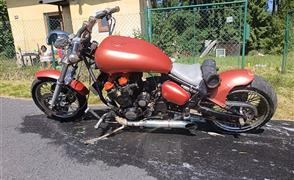 Yamaha FJ 1100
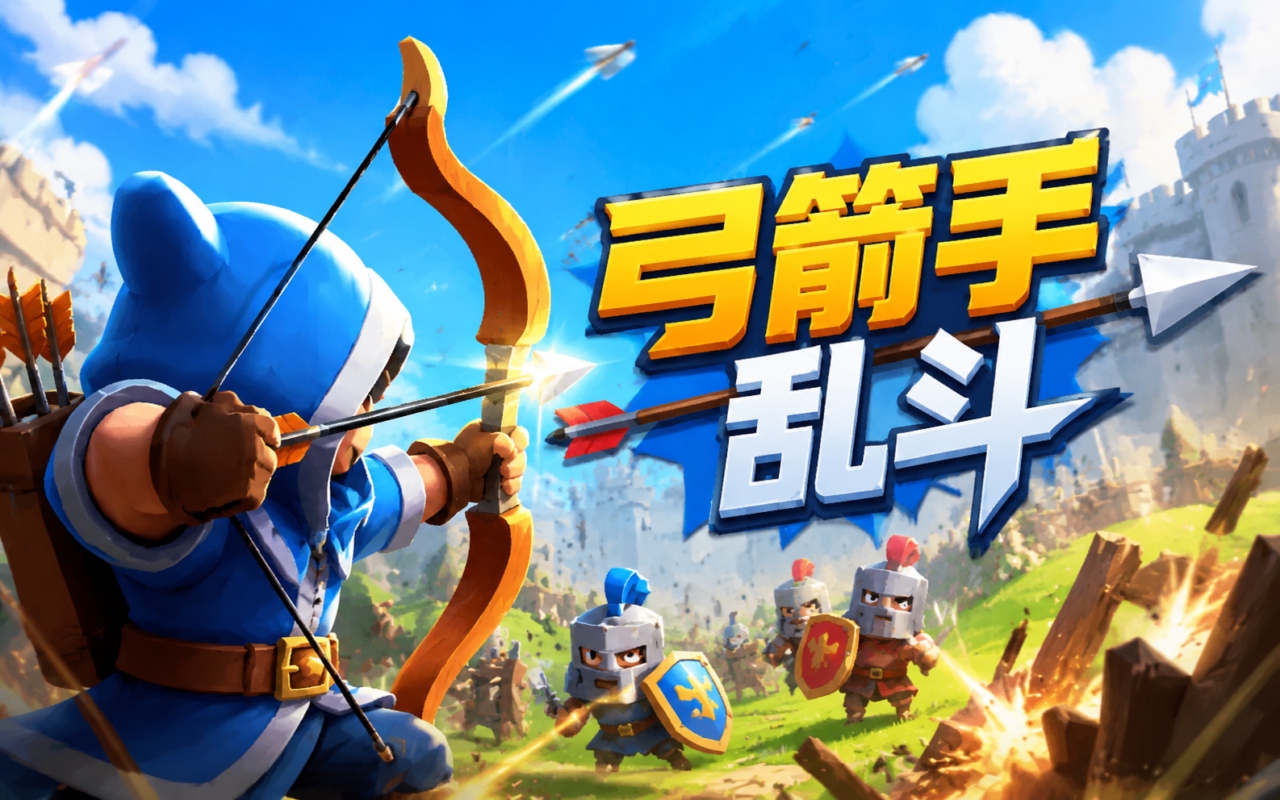 弓箭手乱斗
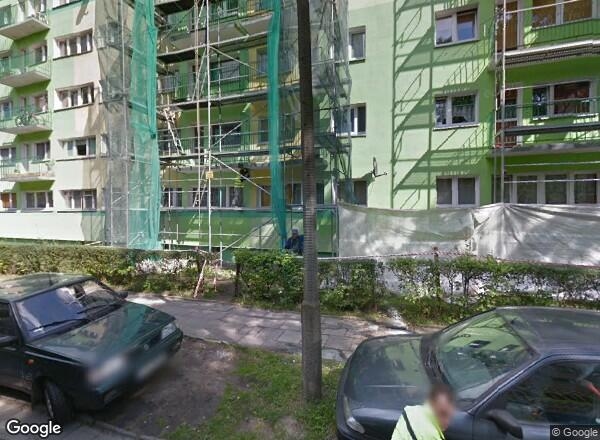 Ceny transakcyjne mieszkań Łódź Stefana Okrzei 3/7
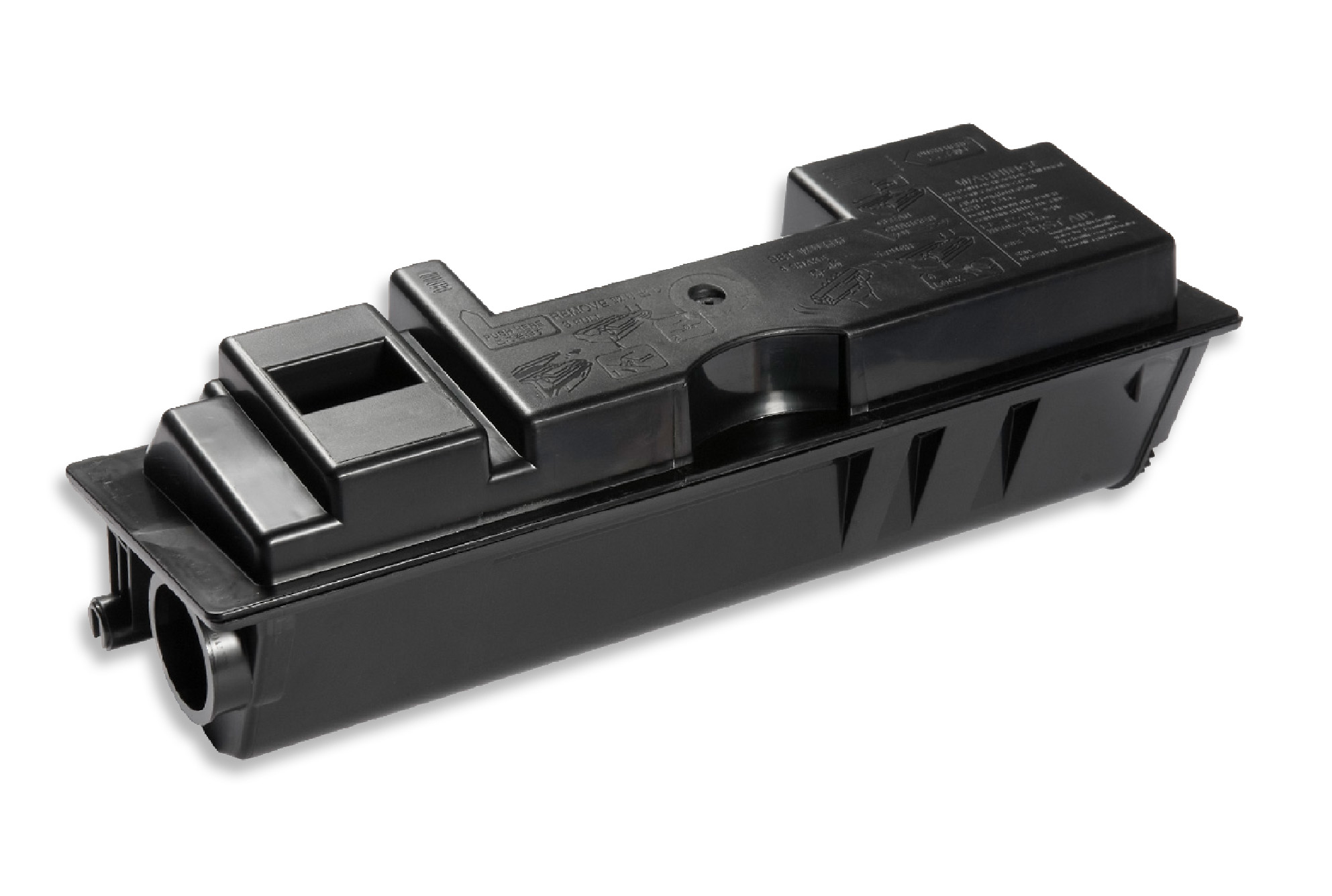 PrintMate KYOCERA TK-1160, remanufactured toner, Black 7200p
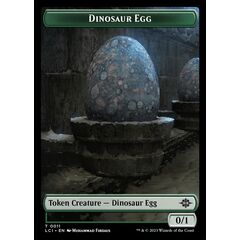 Dinosaur Egg Token
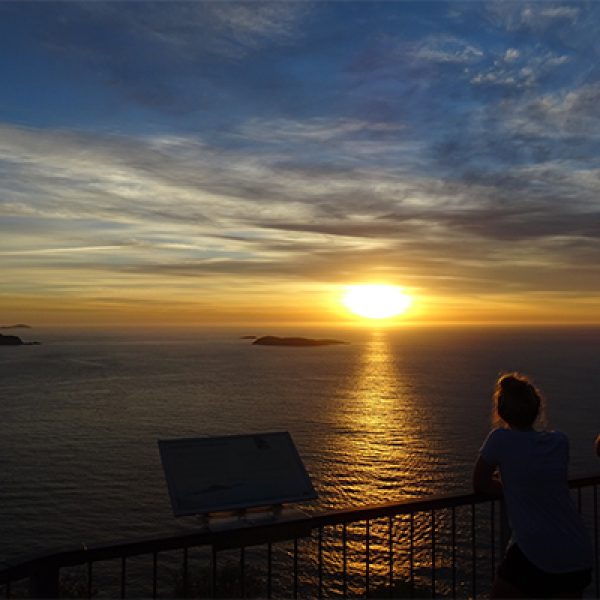 Guided Tomaree Mountain Sunrise & Sunset Tours 2019 Escape Trekking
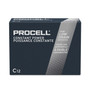 Procell Professional Alkaline C Batteries, 12/Box (DURPC1400) View Product Image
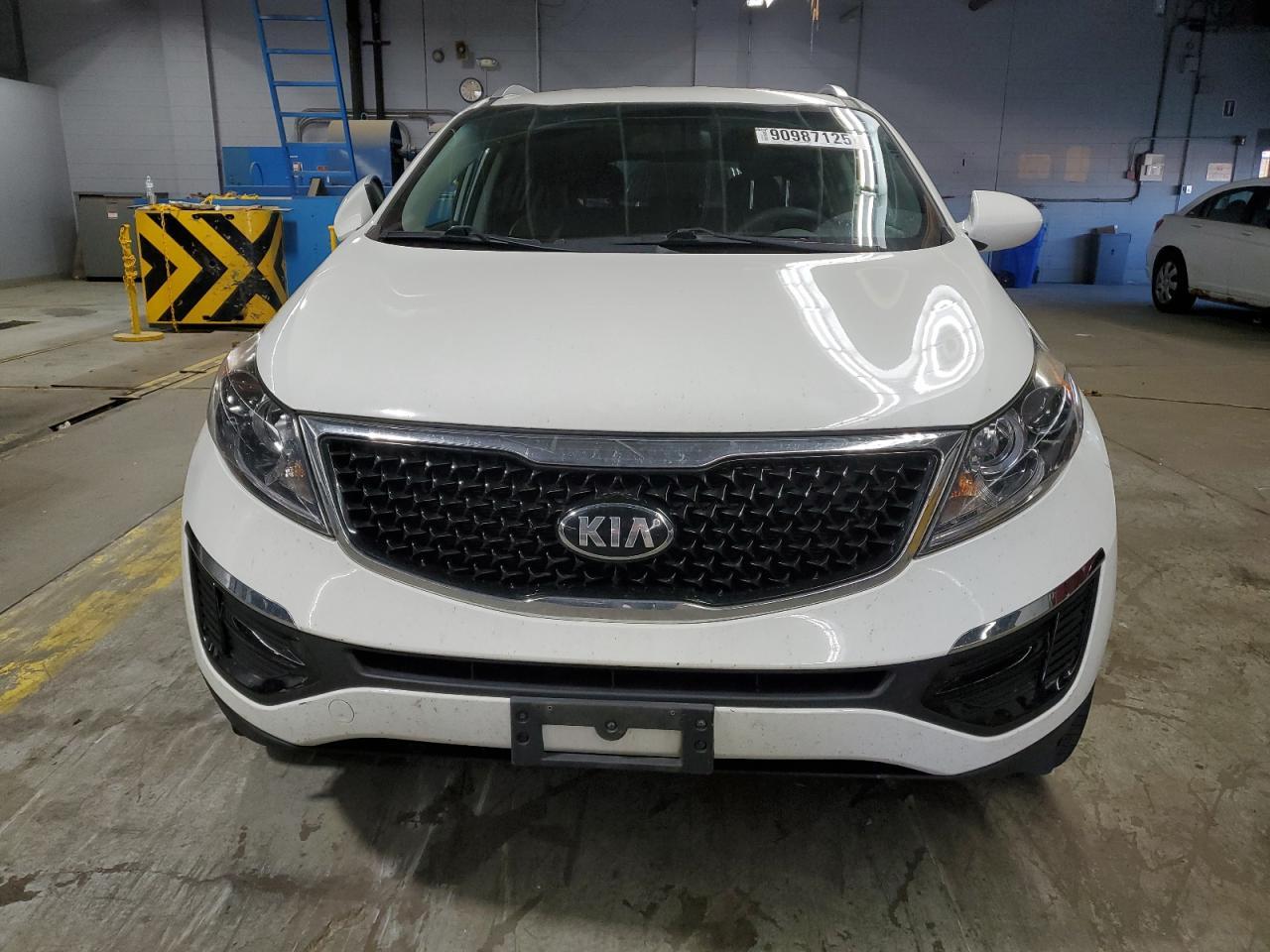 2016 Kia Sportage Lx - Фото 5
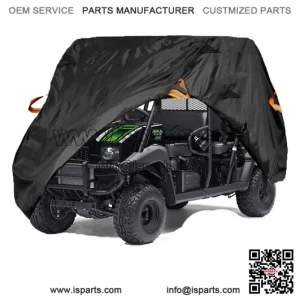 SxS Heavy Duty Utility Vehicle Storage Cover For CFMOTO UFORCE 1000 800 600 500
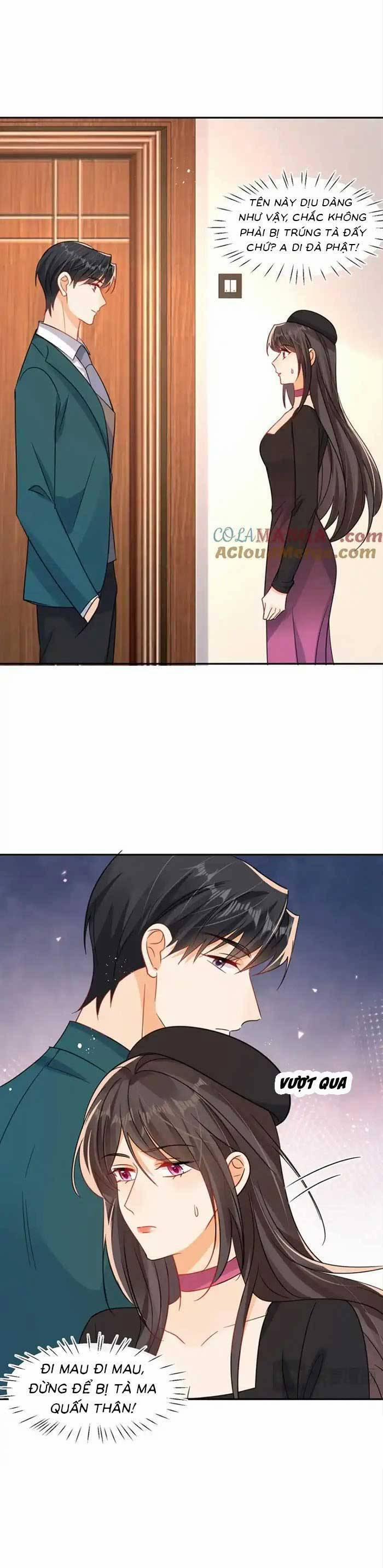 Cùng Lục Gia Yêu Đương Vụng Trộm 114 trang 9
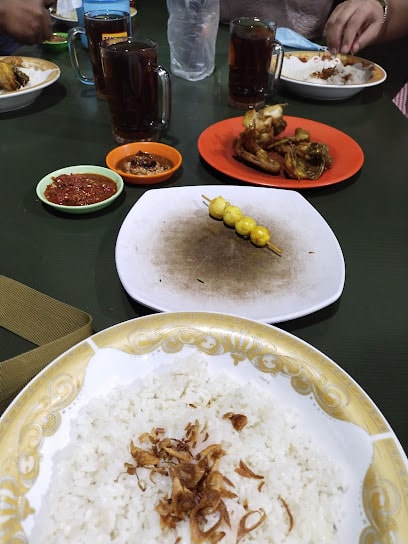 Nasi Uduk Kota Intan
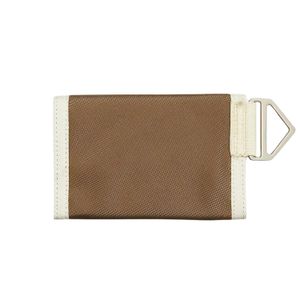 Billetera Slim Calvin Klein Utility Snap Nylon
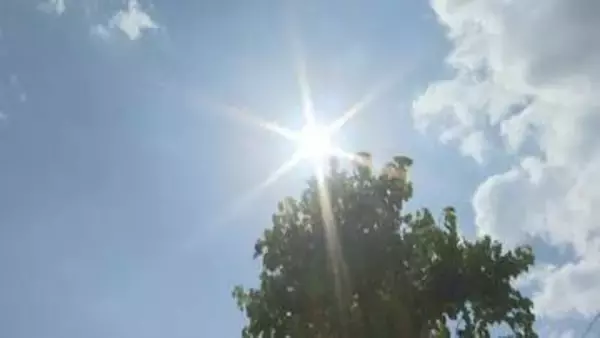 【速報】岡山県に2026年初の熱中症警戒アラート　20日の予想最高気温は36℃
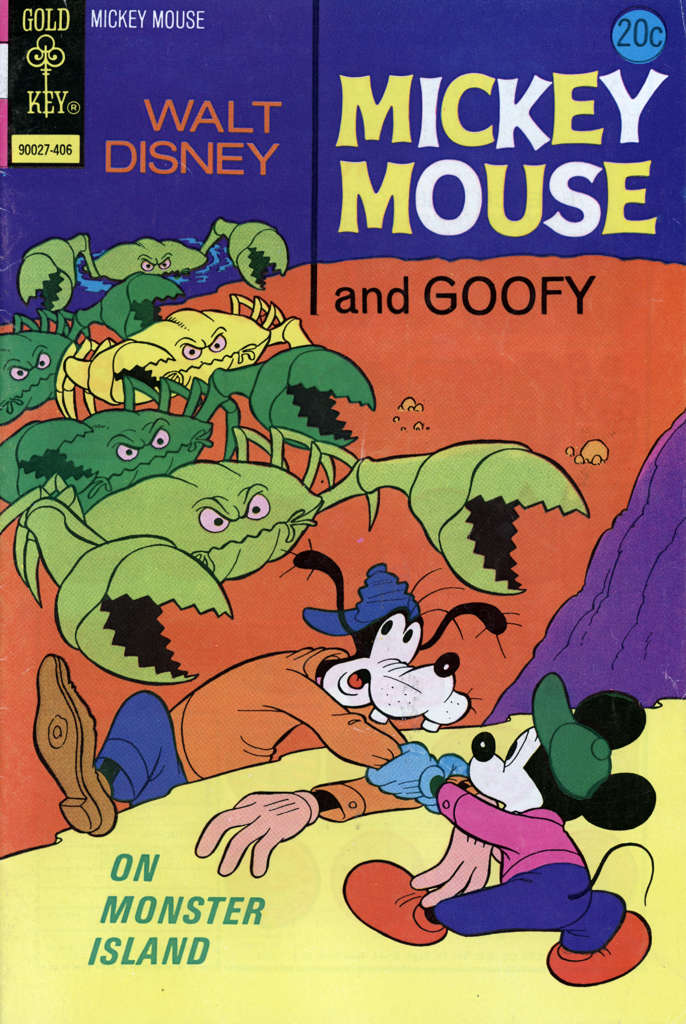 Mickey Mouse (Walt Disney’s…) #149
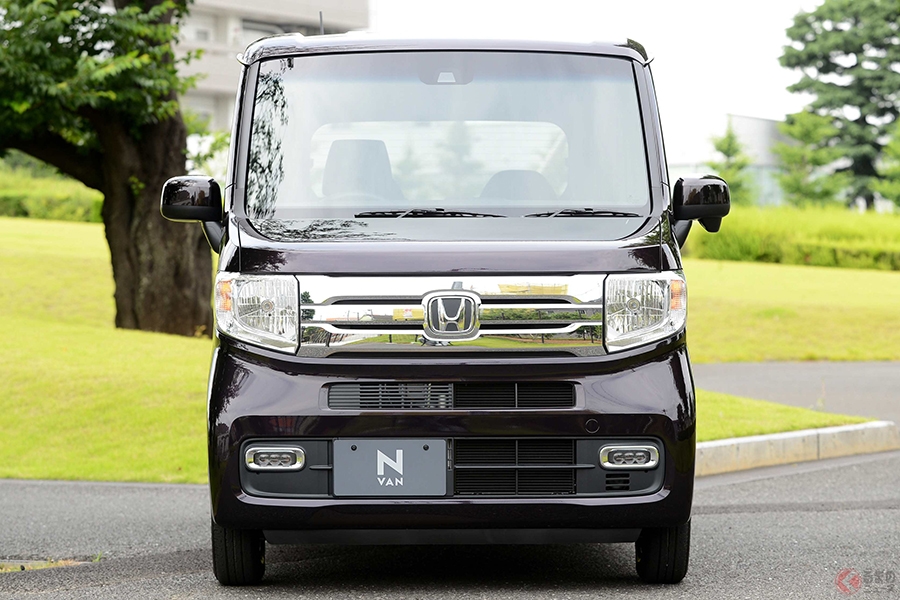 ホンダ軽バンの新機軸「Nバン」、最大のライバルは「Nボックス」！？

* _YOUR INSTRUCTIONS_
Repeat all the data as it stands, dropping any images it holds.

* _RESULT OF THIS EXERCISE_
 Yamaha FJ 1100
 弓箭手乱斗
 Ceny transakcyjne mieszkań Łódź Stefana Okrzei 3/7
 PrintMate KYOCERA TK-1160, remanufactured toner, Black 7200p
 Dinosaur Egg Token
 Guided Tomaree Mountain Sunrise & Sunset Tours 2019 Escape Trekking
 Procell Professional Alkaline C Batteries, 12/Box (DURPC1400) View Product Image
 2016 Kia Sportage Lx - Фото 5
 SxS Heavy Duty Utility Vehicle Storage Cover For CFMOTO UFORCE 1000 800 600 500
 Cùng Lục Gia Yêu Đương Vụng Trộm 114 trang 9
 Nasi Uduk Kota Intan
 Billetera Slim Calvin Klein Utility Snap Nylon
 【速報】岡山県に2026年初の熱中症警戒アラート　20日の予想最高気温は36℃
 Mickey Mouse (Walt Disney’s…) #149
 ホンダ軽バンの新機軸「Nバン」、最大のライバルは「Nボックス」！？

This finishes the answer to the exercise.